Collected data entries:
◇ ◇ ◇ ◇ ◇
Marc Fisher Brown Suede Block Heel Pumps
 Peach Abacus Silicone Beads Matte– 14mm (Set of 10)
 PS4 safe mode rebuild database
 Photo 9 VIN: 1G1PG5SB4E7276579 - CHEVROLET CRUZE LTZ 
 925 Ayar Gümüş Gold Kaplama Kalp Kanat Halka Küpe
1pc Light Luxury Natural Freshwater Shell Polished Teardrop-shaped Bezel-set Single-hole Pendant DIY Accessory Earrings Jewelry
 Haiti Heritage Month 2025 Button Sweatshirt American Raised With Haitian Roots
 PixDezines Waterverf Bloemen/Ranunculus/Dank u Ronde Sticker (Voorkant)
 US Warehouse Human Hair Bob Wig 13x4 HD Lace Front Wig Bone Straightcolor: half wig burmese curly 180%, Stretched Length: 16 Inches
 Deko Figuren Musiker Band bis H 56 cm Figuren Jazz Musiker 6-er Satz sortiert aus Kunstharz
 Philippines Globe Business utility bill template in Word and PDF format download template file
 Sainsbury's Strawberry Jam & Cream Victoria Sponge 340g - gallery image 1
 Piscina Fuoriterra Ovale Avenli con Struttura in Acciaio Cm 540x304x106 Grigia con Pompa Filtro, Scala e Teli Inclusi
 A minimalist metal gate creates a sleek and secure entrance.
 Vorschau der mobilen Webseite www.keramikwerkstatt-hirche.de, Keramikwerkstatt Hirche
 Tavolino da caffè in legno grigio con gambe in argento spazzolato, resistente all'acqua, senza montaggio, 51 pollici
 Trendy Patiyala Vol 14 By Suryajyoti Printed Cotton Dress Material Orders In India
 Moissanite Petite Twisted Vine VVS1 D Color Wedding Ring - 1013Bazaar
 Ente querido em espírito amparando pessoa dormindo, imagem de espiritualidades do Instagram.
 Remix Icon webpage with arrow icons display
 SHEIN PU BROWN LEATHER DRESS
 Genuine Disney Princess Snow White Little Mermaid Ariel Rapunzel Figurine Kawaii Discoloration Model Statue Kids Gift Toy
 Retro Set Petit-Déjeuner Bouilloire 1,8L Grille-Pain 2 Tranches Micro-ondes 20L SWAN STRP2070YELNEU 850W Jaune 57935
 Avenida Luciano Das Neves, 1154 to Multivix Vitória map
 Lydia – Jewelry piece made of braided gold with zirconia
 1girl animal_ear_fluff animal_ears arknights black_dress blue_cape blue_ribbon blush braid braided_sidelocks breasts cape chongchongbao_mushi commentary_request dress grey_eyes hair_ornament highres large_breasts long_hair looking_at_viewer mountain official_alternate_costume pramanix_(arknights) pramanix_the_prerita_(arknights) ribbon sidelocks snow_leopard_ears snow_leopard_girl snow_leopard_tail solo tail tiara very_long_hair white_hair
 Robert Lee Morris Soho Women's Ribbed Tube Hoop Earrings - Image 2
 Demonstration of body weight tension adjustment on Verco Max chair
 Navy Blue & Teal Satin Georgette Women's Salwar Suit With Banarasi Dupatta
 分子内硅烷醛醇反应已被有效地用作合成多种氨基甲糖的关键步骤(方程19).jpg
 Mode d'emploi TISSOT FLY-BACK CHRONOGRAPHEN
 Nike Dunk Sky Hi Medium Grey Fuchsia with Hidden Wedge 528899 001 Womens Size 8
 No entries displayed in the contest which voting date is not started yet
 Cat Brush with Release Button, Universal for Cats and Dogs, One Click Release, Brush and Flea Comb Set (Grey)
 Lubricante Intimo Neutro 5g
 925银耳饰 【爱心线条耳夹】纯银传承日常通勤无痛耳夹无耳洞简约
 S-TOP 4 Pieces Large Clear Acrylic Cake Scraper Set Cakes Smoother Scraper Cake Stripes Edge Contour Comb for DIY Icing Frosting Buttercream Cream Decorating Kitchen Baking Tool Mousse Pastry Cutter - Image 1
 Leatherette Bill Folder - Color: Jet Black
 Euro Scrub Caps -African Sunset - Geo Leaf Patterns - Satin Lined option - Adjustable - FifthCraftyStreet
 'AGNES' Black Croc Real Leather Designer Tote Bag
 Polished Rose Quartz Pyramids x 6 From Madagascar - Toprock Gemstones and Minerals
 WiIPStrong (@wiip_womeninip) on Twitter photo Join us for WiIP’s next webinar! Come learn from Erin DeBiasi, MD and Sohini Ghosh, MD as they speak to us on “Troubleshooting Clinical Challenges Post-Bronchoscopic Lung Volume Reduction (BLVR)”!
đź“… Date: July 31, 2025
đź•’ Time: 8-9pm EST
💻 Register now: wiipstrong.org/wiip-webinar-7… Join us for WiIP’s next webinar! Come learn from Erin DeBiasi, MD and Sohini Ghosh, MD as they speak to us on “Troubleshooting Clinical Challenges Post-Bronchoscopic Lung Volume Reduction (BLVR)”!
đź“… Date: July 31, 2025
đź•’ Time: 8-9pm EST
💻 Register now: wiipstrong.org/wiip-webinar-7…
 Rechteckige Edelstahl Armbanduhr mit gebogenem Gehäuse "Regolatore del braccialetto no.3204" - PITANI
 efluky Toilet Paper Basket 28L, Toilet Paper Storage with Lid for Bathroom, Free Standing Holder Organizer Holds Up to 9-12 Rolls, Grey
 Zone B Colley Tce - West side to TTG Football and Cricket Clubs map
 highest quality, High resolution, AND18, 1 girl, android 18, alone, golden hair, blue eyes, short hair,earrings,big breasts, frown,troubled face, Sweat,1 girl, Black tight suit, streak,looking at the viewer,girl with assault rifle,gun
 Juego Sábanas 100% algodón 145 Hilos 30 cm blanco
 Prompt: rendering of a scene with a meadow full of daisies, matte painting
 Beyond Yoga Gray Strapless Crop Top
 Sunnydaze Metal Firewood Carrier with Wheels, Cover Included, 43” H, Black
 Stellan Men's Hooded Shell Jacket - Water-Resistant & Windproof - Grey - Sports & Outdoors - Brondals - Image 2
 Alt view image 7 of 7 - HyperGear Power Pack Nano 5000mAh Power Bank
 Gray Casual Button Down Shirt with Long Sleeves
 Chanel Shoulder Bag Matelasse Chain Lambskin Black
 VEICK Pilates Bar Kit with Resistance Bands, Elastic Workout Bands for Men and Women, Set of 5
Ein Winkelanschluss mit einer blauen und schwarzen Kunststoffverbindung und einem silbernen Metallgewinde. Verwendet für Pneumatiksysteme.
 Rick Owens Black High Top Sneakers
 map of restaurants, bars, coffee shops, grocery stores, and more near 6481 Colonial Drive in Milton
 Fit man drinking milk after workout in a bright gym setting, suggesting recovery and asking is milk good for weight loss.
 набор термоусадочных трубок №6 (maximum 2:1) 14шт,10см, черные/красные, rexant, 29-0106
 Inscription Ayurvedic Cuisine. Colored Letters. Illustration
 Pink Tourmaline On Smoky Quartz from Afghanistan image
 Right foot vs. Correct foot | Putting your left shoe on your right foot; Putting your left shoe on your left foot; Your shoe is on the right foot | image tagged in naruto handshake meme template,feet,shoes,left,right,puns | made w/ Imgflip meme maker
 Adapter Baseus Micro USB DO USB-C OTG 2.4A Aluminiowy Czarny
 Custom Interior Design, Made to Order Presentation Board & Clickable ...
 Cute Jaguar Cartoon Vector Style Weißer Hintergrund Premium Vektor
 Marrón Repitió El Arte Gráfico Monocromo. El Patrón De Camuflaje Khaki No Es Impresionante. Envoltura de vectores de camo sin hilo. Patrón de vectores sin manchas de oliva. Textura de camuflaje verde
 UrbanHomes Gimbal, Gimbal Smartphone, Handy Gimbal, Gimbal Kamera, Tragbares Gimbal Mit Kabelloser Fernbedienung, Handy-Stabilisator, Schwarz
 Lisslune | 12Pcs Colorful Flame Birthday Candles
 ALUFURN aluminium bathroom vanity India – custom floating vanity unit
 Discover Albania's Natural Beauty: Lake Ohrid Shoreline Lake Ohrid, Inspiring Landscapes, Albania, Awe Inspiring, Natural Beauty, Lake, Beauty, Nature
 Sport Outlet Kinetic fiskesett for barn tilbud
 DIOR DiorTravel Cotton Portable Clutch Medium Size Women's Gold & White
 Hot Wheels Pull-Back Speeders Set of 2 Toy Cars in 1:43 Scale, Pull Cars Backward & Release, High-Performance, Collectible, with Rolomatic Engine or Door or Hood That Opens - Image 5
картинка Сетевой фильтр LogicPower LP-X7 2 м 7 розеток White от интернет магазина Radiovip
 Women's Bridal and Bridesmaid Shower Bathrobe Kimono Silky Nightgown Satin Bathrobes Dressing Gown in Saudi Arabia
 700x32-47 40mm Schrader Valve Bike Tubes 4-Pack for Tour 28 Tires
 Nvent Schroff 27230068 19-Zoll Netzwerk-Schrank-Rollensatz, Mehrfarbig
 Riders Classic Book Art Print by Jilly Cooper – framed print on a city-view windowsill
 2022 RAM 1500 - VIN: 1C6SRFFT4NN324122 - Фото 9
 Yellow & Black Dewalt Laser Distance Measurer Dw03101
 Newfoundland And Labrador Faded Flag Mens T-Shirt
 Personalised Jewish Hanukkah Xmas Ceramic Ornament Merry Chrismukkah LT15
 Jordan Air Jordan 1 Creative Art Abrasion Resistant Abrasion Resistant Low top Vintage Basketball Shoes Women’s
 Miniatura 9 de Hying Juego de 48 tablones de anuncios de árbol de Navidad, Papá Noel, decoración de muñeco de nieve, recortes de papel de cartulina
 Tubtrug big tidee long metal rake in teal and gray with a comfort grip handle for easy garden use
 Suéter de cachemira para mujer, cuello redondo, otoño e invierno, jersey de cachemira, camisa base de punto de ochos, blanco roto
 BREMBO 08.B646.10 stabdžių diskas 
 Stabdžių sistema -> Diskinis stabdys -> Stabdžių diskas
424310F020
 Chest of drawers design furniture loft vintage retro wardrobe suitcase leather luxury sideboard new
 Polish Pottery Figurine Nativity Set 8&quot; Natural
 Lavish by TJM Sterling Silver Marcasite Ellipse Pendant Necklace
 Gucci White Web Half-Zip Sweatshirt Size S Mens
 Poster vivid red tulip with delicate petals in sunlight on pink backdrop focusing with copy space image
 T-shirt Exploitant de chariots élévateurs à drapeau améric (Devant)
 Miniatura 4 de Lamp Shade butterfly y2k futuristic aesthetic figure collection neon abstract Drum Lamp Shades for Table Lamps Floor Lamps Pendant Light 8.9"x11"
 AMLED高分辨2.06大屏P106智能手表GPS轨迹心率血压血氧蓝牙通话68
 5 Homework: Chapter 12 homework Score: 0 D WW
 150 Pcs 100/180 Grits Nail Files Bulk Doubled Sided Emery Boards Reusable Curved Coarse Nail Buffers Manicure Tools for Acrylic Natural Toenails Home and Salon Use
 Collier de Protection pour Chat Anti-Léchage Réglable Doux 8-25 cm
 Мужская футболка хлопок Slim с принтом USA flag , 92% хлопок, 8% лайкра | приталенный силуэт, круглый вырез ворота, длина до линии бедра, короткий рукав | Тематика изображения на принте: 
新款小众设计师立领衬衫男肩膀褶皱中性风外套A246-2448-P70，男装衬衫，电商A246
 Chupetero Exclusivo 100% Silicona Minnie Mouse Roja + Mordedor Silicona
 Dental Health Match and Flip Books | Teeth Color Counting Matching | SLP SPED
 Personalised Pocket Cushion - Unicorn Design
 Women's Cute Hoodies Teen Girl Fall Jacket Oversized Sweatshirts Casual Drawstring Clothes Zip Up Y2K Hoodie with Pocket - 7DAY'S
◇ ◇ ◇ ◇ ◇
— Work required —
Above are the records; print exactly the lines from the line with "Haiti Heritage Month" to the line with "Lydia – Jewelry", including both, and nothing else.

— Output for this task —
 Haiti Heritage Month 2025 Button Sweatshirt American Raised With Haitian Roots
 PixDezines Waterverf Bloemen/Ranunculus/Dank u Ronde Sticker (Voorkant)
 US Warehouse Human Hair Bob Wig 13x4 HD Lace Front Wig Bone Straightcolor: half wig burmese curly 180%, Stretched Length: 16 Inches
 Deko Figuren Musiker Band bis H 56 cm Figuren Jazz Musiker 6-er Satz sortiert aus Kunstharz
 Philippines Globe Business utility bill template in Word and PDF format download template file
 Sainsbury's Strawberry Jam & Cream Victoria Sponge 340g - gallery image 1
 Piscina Fuoriterra Ovale Avenli con Struttura in Acciaio Cm 540x304x106 Grigia con Pompa Filtro, Scala e Teli Inclusi
 A minimalist metal gate creates a sleek and secure entrance.
 Vorschau der mobilen Webseite www.keramikwerkstatt-hirche.de, Keramikwerkstatt Hirche
 Tavolino da caffè in legno grigio con gambe in argento spazzolato, resistente all'acqua, senza montaggio, 51 pollici
 Trendy Patiyala Vol 14 By Suryajyoti Printed Cotton Dress Material Orders In India
 Moissanite Petite Twisted Vine VVS1 D Color Wedding Ring - 1013Bazaar
 Ente querido em espírito amparando pessoa dormindo, imagem de espiritualidades do Instagram.
 Remix Icon webpage with arrow icons display
 SHEIN PU BROWN LEATHER DRESS
 Genuine Disney Princess Snow White Little Mermaid Ariel Rapunzel Figurine Kawaii Discoloration Model Statue Kids Gift Toy
 Retro Set Petit-Déjeuner Bouilloire 1,8L Grille-Pain 2 Tranches Micro-ondes 20L SWAN STRP2070YELNEU 850W Jaune 57935
 Avenida Luciano Das Neves, 1154 to Multivix Vitória map
 Lydia – Jewelry piece made of braided gold with zirconia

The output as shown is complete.